In total, companies said they were cutting, or planned to cut, close to 51,000 jobs this year.

Job losses announced Thursday
JDS Uniphase: 16,000
Alcatel: 14,000
Hewlett Packard: 6,000
Infineon: 5,000
NTL: 2,000-2,500
Epcos: 750

JDS Uniphase becomes the latest in a string of technology firms to axe workers, cutting 16,000 jobs.

The maker of fibre-optic components announced the job cuts during its latest profits report. JDS Uniphase said that in its fourth quarter it lost 36 cents a share on sales of $601 million.

With a similar number of job losses announced on Tuesday, this has been one of the bloodiest company results seasons since the recession of the early 1990s, economists said.

Unlike on Tuesday, however, stock markets have reacted with equanimity to the announcements, with most major share indexes trading unchanged, after suffering heavy falls earlier in the week.

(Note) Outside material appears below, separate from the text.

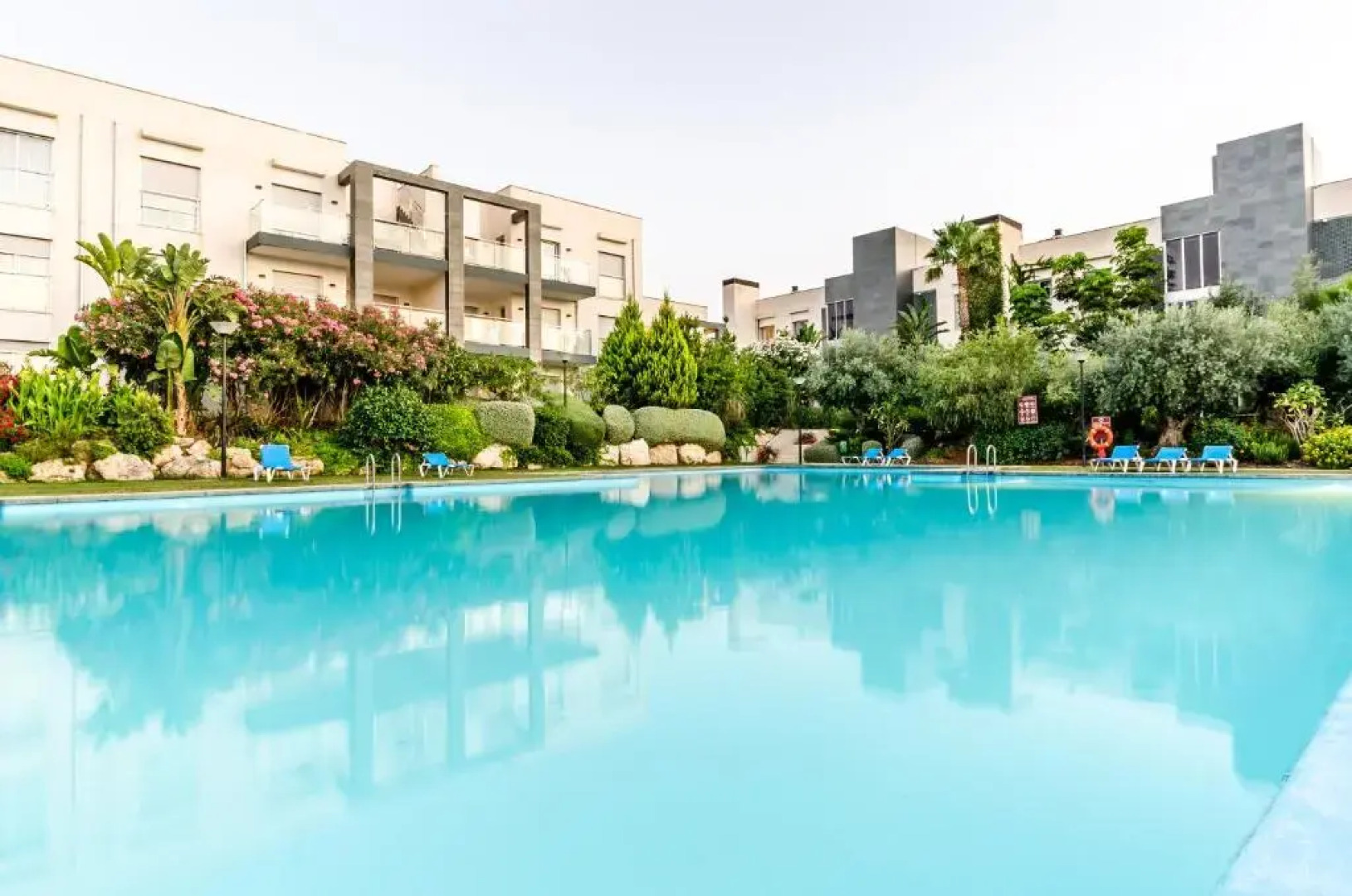 Курорт El Plantio Golf Resort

Alcatel chief executive Serge Tchuruk
Alcatel chief Serge Tchuruk will keep his job
The biggest cuts were announced at French telecoms equipment firm Alcatel, which said it would cut 14,000 permanent staff, as well as up to 6,000 contractors and part-time staff.

At the same time Alcatel announced results that, although showing a loss, slightly beat market expectations.

An Alcatel spokeswoman in Paris said some of the cuts had already been announced with the remainder coming from natural turnover and offers of voluntary redundancy or early retirement.

HP suffers

On the other side of the Atlantic, high-tech giant Hewlett-Packard (HP) lowered its sales forecasts yet again and said it would axe 6,000 jobs, more than 6% of its work force.

It blamed the fact that consumers were spending even less on technology than expected.

HP announced 4,700 job cuts earlier in the year, and has had to issue a series of profit warnings.

A BT engineer
BT is re-engineering its workforce
In the UK, British Telecom (BT) said it would be shedding 6,000 staff this year, 1,000 more than previously announced.

The company is in the process of paying down its mountain of debt, which reached 27.9bn at the end of the first quarter.

Some 1,500 of the BT jobs will go at its Ignite corporate data business in Europe.

Chips are down

The axe also fell heavily at German semiconductor manufacturer Infineon, which has been hammered by the global slump in demand for chips.

Infineon's headquarters
Infineon is suffering from the chip slump
Infineon said it would be cutting up to 5,000 staff, 15% of its workforce, in an effort to wring out savings of 1bn euros (616m; $880m) over the next 12-18 months.

Some 2,000-2,500 jobs are likely to go at UK cable firm NTL, which is implementing a radical cost-cutting programme in the hope of persuading investors that it is not overly indebted.

NTL has already eliminated 2,300 jobs so far this year.

Many, many more

The jobs gloom was widened by a flurry of announcements of job losses from a wide range of companies.

  • US communications equipment maker Avaya its earnings more than doubled, but it cut its fourth-quarter outlook and 2,000 additional jobs because of slowing demand.
  • Hypovereinsbank, unveiling gloomy results, said it was on track in a programme to cut 5,500 jobs; German media reports said total losses could be as high as 8,000.
  • Epcos, a German IT components firm that, like Infineon, was spun off from Siemens in 1999, said it was cutting 750 staff.
  • Cookson, a British circuit-board manufacturer, has already cut 1,600 jobs in its electronics arm, and said 360 more jobs will go in its ceramics business along with the closure of six plants.
  • Portugal's Banco Espirito Santo said it planned to shed 720 employees by next year.

Shares shrug

After one of the gloomiest corporate reporting seasons in recent memory, the financial markets seemed less willing to panic than they had been earlier in the month.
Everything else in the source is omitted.